Demand letters, or letters before action as they are called in the U.K., are typically used to persuade the recipient to take or cease some action, to revoke a waiver of rights, or simply to provoke a reaction that you can use to your client’s advantage in the future.
Use plain English whenever possible in order to insure that the letter is understood by the recipient, balance succinct style with sufficient detail, and adapt the format and content, including the depth of legal analysis, to the recipient. Use the introductory paragraph to identify your representative capacity and clearly state the purpose of the letter. In the body of the letter state the legal and factual bases for your demands and then state your demands followed by an implicit or explicit threat to take legal action if the demands are not met. Overall, demand letters should be a firm statement of your client’s position and intentions, and while demand letters are often written to intimidate, they should not bully the recipient.
Get good examples from your colleagues or contacts and avoid common errors such as using inflammatory language, and misstating the facts and/or the law.

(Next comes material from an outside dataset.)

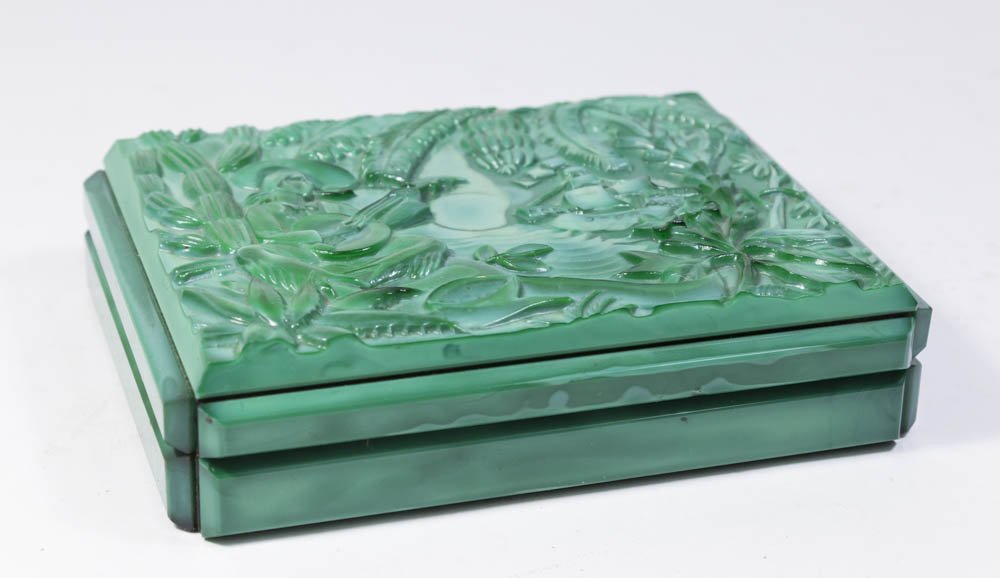 Green Malachite Glass Card Box: Caribbean decor with ship. Approx. 6 3/4" x 5 3/4". From the Gloria Crest estate.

For example, a demand letter in the context of a dispute regarding intellectual property rights might be drafted as (using a U.S. business letter format):
Dear Mr. Adversary:
We represent Instinctive Sports (“IS”), a leading manufacturer of professional athletic shoes. IS owns all trademark rights in the well-known symbol that adorns our products and sales and marketing materials. The mark is widely known and famous throughout this jurisdiction.
It has come to our attention that you have registered the domain name “is.nu.” This domain name inherently refers to Instinctive Sports. There appears to be no good faith reason for you to have registered this domain name, since you have no connection to IS.
If you have registered the domain name in bad faith, your actions may subject you to the loss of your domain name as well as to civil penalties of up to $100,000 under the Anticybersquatting Consumer Protection Act. As your website currently offers athletic goods, your actions also constitute trademark infringement and/or dilution under the Trademark Act.
Accordingly, we seek your prompt written assurance that (1) you have ceased publication, distribution, transmission, or dissemination of any information, goods, or services under the name “is.nu,” or any other name confusingly similar thereto; and (2) you will either delete the domain name “is.nu” from the domain name registry or immediately transfer the name to IS.
If we can have your agreement on these points, IS will be willing to consider this matter closed. Alternatively, we will commence an action at the World Intellectual Property Organization pursuant to the Uniform Domain Name Dispute Resolution Policy, and a civil action, seeking injunctive relief, damages, and attorneys’ fees.
Please respond by no later than 17 November 2006. If we do not have your written agreement by that date, IS will commence legal proceedings without further notice.